While it’s true that many experts and workers alike, especially those on the Left, were deeply suspicious about the inflated claims of the glorious benefits of the NAFTA utopia of the future, the concept was made into policy, and the policy translated into a grim reality for US workers. As the Economic Policy Institute noted in 2013:
By establishing the principle that U.S. corporations could relocate production elsewhere and sell back into the United States, NAFTA undercut the bargaining power of American workers, which had driven the expansion of the middle class since the end of World War II. The result has been 20 years of stagnant wages and the upward redistribution of income, wealth and political power.
Without question, NAFTA was a direct assault on the US working class.

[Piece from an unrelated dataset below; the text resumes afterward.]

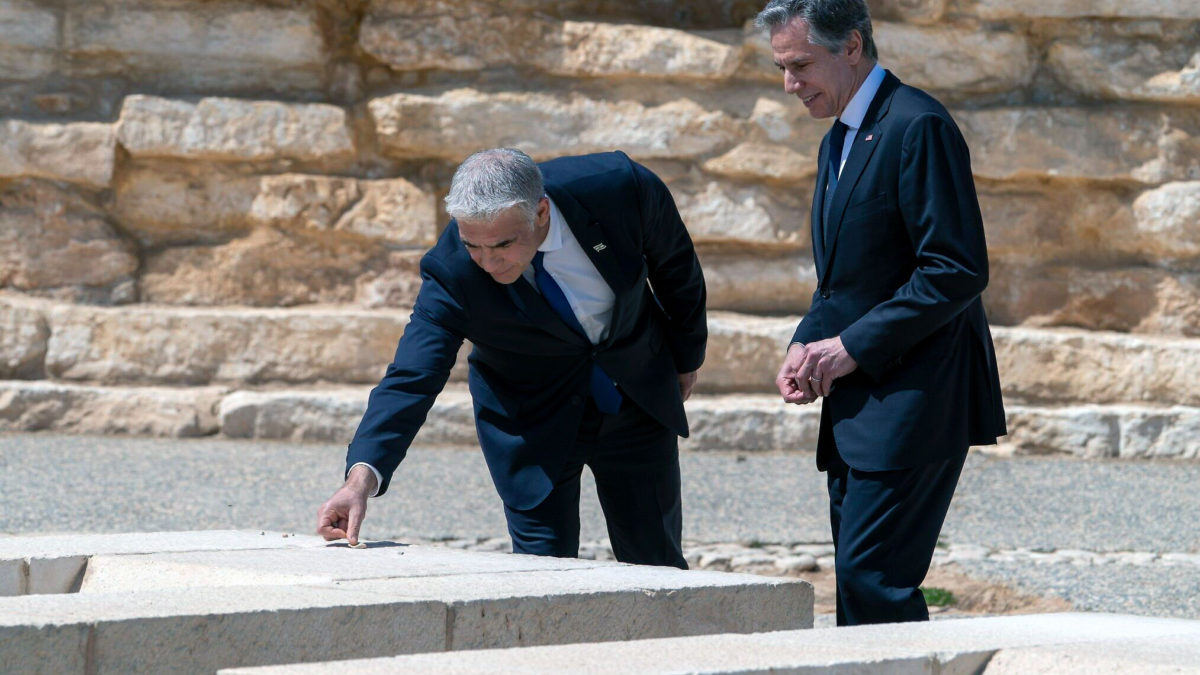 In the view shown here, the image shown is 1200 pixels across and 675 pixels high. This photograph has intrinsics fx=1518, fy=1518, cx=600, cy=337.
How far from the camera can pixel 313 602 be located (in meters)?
2.76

Its repercussions are still being felt today. As the Economic Policy Institute further explained, NAFTA had four major negative impacts:
1. The loss of at least 700,000 jobs due to production moving to Mexico. Some of the heaviest losses were felt in California, Texas, Michigan and other manufacturing-dependent states, particularly those in the Rust Belt.
2. Allowed employers to drive down wages, slash benefits, and undermine and destroy unions. Because capital could always threaten to simply close up shop and move to Mexico, workers had little recourse but to accept the assault on their standards of living.
3. It devastated the Mexican agricultural and small business sectors which led to the dislocation of millions of Mexican workers and small farmers, many of whom were forced to migrate to the US in search of work, thereby creating the immigration “problem” that Trump and his reactionary base have seized upon.
4. It was the model free trade agreement, the blueprint upon which others were based. It laid the foundation for the neoliberal trade model wherein capital reaps the benefits while labor shoulders the costs.